▶ **What you have to do**: Your output should consist solely of the lines from the one with "Batedeira kitchenaid 110v, estado" through the end of the records, reproduced exactly, both ends included.

Data extracted from a collection:

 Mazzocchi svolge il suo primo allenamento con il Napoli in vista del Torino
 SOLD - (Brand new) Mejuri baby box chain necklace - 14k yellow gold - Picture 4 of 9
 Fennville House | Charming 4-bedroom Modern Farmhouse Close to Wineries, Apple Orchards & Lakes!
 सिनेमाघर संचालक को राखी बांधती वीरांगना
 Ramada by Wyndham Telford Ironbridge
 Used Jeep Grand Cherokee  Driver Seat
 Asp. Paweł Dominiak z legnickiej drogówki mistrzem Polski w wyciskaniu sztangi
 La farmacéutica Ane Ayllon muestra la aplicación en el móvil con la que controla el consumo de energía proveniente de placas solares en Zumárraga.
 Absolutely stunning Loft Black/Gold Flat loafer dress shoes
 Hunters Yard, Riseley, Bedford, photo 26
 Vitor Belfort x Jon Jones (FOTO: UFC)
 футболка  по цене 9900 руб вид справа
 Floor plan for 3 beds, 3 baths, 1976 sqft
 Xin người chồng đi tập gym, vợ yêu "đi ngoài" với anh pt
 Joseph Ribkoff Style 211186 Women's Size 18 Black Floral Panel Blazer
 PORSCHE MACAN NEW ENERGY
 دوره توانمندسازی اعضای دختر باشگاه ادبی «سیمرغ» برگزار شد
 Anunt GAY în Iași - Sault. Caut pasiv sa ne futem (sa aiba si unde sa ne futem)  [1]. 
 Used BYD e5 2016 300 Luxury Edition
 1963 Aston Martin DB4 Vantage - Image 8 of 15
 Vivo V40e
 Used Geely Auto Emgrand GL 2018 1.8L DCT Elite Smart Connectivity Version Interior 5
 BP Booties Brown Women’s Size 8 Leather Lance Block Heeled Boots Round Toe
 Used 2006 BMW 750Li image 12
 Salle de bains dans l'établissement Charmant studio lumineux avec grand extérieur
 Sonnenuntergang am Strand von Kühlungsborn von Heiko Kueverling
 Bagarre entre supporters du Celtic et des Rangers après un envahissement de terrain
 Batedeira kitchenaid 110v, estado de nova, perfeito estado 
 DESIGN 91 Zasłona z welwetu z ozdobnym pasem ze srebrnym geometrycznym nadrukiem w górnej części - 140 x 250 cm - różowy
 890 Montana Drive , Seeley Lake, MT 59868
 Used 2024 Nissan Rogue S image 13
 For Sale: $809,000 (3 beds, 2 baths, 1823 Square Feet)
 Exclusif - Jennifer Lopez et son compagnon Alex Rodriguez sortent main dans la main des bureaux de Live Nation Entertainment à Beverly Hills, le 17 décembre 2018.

▶ **Your response**:
 Batedeira kitchenaid 110v, estado de nova, perfeito estado 
 DESIGN 91 Zasłona z welwetu z ozdobnym pasem ze srebrnym geometrycznym nadrukiem w górnej części - 140 x 250 cm - różowy
 890 Montana Drive , Seeley Lake, MT 59868
 Used 2024 Nissan Rogue S image 13
 For Sale: $809,000 (3 beds, 2 baths, 1823 Square Feet)
 Exclusif - Jennifer Lopez et son compagnon Alex Rodriguez sortent main dans la main des bureaux de Live Nation Entertainment à Beverly Hills, le 17 décembre 2018.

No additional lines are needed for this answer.